REPUBLIKA.CO.ID, JAKARTA -- Badan Pengatur Hilir Minyak dan Gas (BPH Migas) mengakui salah satu terhambatnya proyek pipa Cirebon Semarang (Cisem) karena tak adanya kepastian pasokan gas. Hal ini membuat kontraktor pemenang lelang, PT Rekayasa Industri (Rekind) belum melakukan pembangunan pipa ini.
Kepala BPH Migas, Fanshurullah Asa menjelaskan, Rekind mengantongi kemenangan lelang ruas pipa Cirebon Semarang sejak 2006. Hal ini berdasarkan Rancangan Induk Jaringan Gas Bumi Nasional (RIJGBN) bahwa ke depan kebutuhan gas di wilayah Jawa Tengah akan tumbuh.
Sayangnya, hingga 2020, Rekind belum bisa membangun jaringan pipa ini. Selain karena belum adanya industri yang menjadi offtaker dari ruas pipa ini, juga tak adanya pasokan gas yang pasti akan darimana gas ini bersumber.
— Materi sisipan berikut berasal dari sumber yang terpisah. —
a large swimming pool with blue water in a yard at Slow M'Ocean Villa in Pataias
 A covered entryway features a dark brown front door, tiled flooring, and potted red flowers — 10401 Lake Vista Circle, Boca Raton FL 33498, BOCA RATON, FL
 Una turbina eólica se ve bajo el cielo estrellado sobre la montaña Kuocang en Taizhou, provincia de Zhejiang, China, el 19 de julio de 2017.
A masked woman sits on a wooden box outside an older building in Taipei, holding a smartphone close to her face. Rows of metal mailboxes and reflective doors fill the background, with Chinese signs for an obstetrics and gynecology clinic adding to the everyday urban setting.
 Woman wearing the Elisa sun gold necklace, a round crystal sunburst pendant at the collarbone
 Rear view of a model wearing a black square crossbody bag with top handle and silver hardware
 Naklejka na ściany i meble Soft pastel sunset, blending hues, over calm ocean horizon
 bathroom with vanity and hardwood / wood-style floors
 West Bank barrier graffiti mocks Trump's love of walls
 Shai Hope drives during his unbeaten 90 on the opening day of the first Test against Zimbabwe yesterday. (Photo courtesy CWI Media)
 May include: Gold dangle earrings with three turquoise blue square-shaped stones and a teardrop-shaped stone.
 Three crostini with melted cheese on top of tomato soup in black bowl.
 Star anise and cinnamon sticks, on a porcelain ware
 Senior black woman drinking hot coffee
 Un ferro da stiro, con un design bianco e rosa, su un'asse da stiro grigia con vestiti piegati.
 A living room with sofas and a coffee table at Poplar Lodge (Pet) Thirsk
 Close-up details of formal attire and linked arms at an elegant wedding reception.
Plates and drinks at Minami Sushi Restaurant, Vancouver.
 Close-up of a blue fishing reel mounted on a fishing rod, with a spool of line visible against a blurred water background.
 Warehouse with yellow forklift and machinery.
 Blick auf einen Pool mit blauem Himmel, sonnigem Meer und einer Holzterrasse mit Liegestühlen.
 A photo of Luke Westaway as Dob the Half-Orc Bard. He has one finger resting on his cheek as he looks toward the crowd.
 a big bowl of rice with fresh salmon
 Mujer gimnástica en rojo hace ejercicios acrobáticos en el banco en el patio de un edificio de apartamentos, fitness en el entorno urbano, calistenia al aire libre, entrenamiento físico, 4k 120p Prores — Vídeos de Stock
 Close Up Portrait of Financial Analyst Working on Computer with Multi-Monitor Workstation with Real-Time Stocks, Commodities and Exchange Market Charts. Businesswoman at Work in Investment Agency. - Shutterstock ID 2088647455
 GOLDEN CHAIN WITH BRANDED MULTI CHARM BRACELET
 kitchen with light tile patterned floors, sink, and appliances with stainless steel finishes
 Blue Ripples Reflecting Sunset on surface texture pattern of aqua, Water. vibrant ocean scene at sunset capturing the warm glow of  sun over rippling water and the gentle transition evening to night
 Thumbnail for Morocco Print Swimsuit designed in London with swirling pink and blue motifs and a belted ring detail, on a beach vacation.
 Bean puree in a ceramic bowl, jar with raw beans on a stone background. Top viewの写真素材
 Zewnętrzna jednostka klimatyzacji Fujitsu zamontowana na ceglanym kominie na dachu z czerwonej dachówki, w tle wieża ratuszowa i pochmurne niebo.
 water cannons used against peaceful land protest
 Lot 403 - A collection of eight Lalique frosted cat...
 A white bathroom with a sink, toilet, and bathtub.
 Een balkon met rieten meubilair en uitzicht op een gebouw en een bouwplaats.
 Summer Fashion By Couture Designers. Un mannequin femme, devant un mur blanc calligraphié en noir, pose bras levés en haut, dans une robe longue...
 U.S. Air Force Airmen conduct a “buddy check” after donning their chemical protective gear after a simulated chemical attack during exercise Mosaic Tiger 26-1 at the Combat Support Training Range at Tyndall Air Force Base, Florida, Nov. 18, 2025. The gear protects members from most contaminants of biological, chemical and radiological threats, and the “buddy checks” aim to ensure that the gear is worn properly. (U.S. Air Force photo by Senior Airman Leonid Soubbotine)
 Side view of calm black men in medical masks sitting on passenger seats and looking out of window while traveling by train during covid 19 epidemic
"Potenisnya ada tapi memang belum berjalan," ujar Ifan di Gedung BPH Migas, Rabu (14/10).
Meski begitu, Ifan merinci memang kalau dalam skala kecil pasokan gas bisa saja dicari. Meski hal tersebut kemudian akan mengubah rencana awal besaran ruas pipa yang akan berpengaruh juga pada perhitungan biaya.
Ia mengatakan sumber gas bisa mengambil dari Lapangan Jambaran Tiung Biru sebesar 20 mmscfd. Lalu ada pasokan LNG dari Bontang dan juga bisa juga terintegrasi dengan ruas pipa Dumai Singapura.
"Tapi kan kemudian ini akan berpengaruh pada nilai toll fee. Karena toll fee diambil dari besaran investasi dan ongkos operasional dibagi volume gas yang tersalurkan. Kalau volume gas yang tersalurkan kecil, maka toll fee juga akan semakin besar," ujar Ifan.
Selain itu, kata Ifan, kendala pasokan juga sempat terjadi karena adanya ego sektoral. Ia mengatakan rencana awal pipa Cisem mendapatkan pasokan dari Kalimantan tersendat karena adanya gejolak pelarangan distribusi gas dari Kalimantan ke Jawa.
"Dulu pipa cisem ini kaitannya dengan Kalimantan dan Jawa. Di rencana induk 2005-2006 itu sudah ada rencana gas dari Kalimantan. Tapi waktu ada gejolak gasnya enggak boleh dibawa ke Jawa," ujar Ifan.